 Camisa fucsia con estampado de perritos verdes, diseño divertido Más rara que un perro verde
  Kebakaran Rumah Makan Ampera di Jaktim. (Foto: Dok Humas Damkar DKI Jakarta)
━━━━
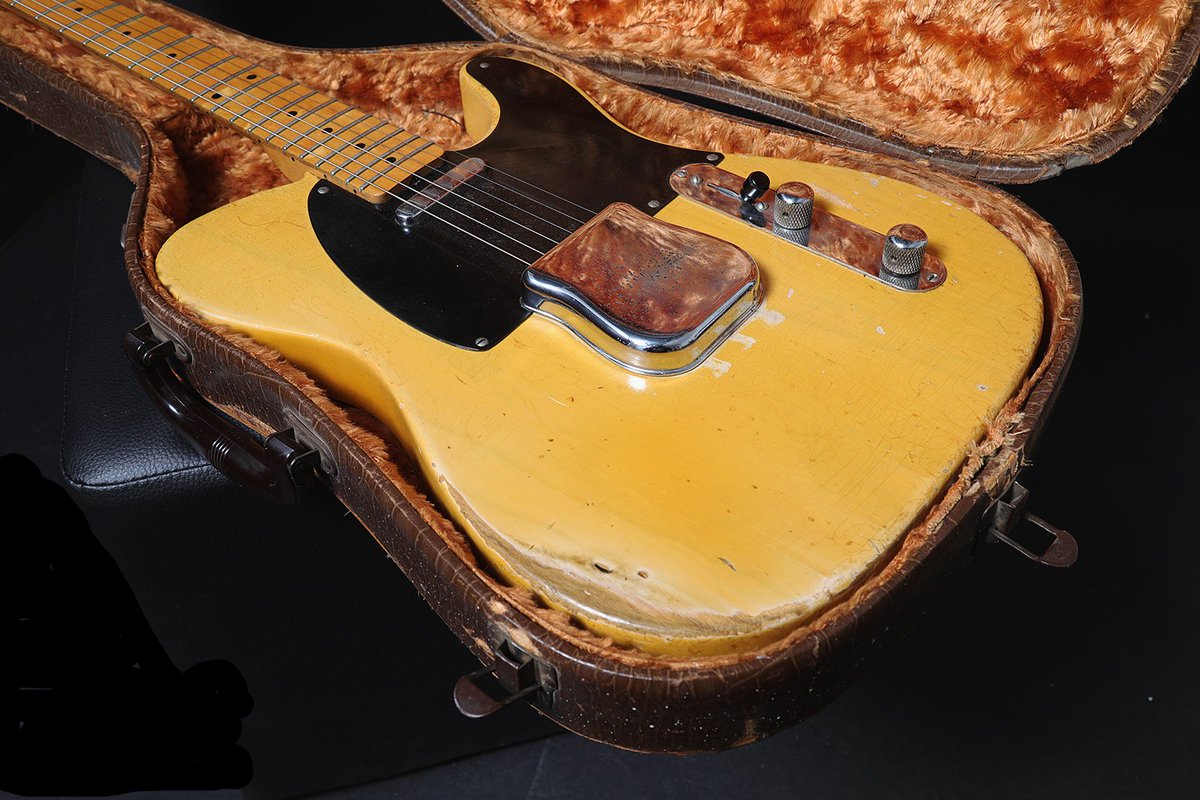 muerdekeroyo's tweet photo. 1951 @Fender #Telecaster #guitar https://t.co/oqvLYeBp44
━━━━
◆ Work task
Write out, from the lines above, only those from the line with "Camisa fucsia con" to the line with "Kebakaran Rumah Makan", exactly as given, including the first and the last.

◆ Output of the exercise
 Camisa fucsia con estampado de perritos verdes, diseño divertido Más rara que un perro verde
  Kebakaran Rumah Makan Ampera di Jaktim. (Foto: Dok Humas Damkar DKI Jakarta)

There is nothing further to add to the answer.